Dahon has been talking up their new smallest ever folder – the 18″ wheeled Curl – for quite some time, but announced recently that is has gone into production and will be being test marketed this spring and summer. Dahon openly says that the new Curl starts off based on some of the best flip-folders on the market – specifically the designs of Diblasi and Brompton (all legally they say) – but evolves those designs for what they think is the best riding and most compact folding bike the industry has seen.

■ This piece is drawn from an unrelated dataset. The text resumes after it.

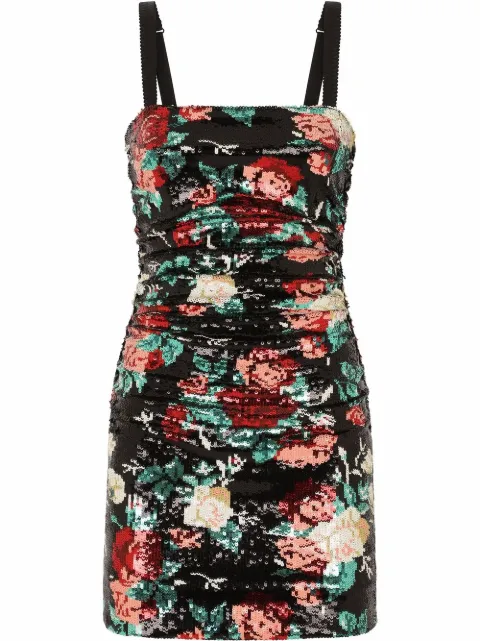 Dolce & Gabbana sequinned floral motif mini dress Black F6ACPTFLSF5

Also earlier this year Dahon introduced a new style of vertically folding bike that they call a Jiffold folder that aims to making packing down one of their bikes even easier and faster for regular commuters. Now they’ve taken that design from some of their tiniest-wheeled bikes and brought it up to 20″ wheels for a fast rolling city bike with the Qix D8 and its 5-second fold-down. Get a closer look at both below the fold…
Dahon Curl 18″
As Dahon tells it, Diblasi was the first to introduce the rear wheel “flip-fold” bike back in the 1970s, and really forms the basis for their new Curl. By adding on a series of technical innovations, they say the new bike improves on the classic folding designs and certainly results in a smaller package. Like the Brompton the bike splits in the downtube and behind the seat cluster, but the Curl’s curved frame produces a more triangulated middle section improving stiffness and folding smaller.

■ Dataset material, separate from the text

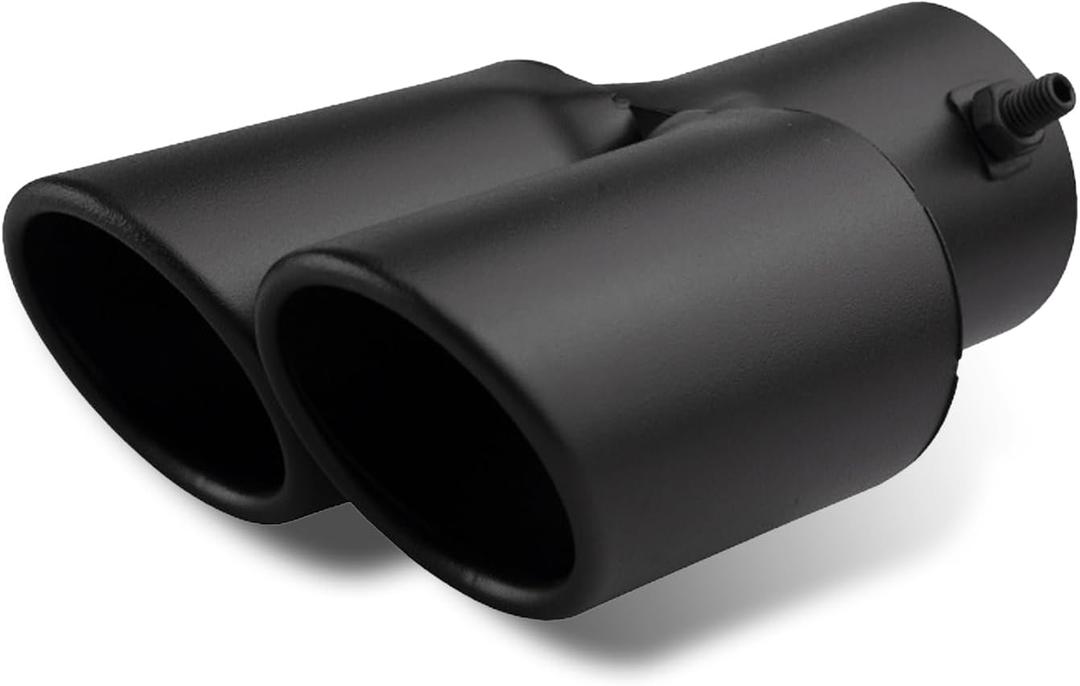 2.5" Inlet Dual Exhaust Tip, Straight Exhaust Pipe with Screw, Stainless Steel Muffler Exhaust, Tail Pipe Muffler Tip, Auto Fashion Modificed Parts, Universal Rear Tip Pipe for Cars (Black) (1 PC, Matte Black #Curved Bevel Mouth)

Behind the seat cluster a new V-coupling provides a more reliable and secure joint that eliminates any pedal-induced bobbing effect from play in this connection. Dahon’s new square-to-round tapered ‘handlepost’ (extended steerer+stem) combined with an oversized headtube and massive fork crown greatly improve front-end stiffness. Lastly, a new folding pedal gets a new and improved design that is stronger, longer lasting and actually folds flatter.
Dahon Qix D8
Dahon wanted to build a bike that was as reliable as their other folders, but just as easy to operate whether you were wearing a business suit or jeans and a t-shirt. To do that, their new vertical folding mechanism gets rid of any need to lift the bike. To make it work, just flip a couple of latches, and the bike folds right up with the handlebar neatly tucked off to the side.
The 11.9kg/26.2lb bike uses a flush Vertical Hinge in the alloy Qix frame, paired with an alloy fork, and adds in a neatly placed inline skate wheel on the bike’s integrated rack to make it a breeze to wheel around on the train or into your office. For $1000 the Qix D8 comes built with a 8 speed SRAM X5 rear derailleur and grip shift drivetrain, 20/28 spoke 20” aluminum wheels, and folds down to 81cm x 31cm x 82cm.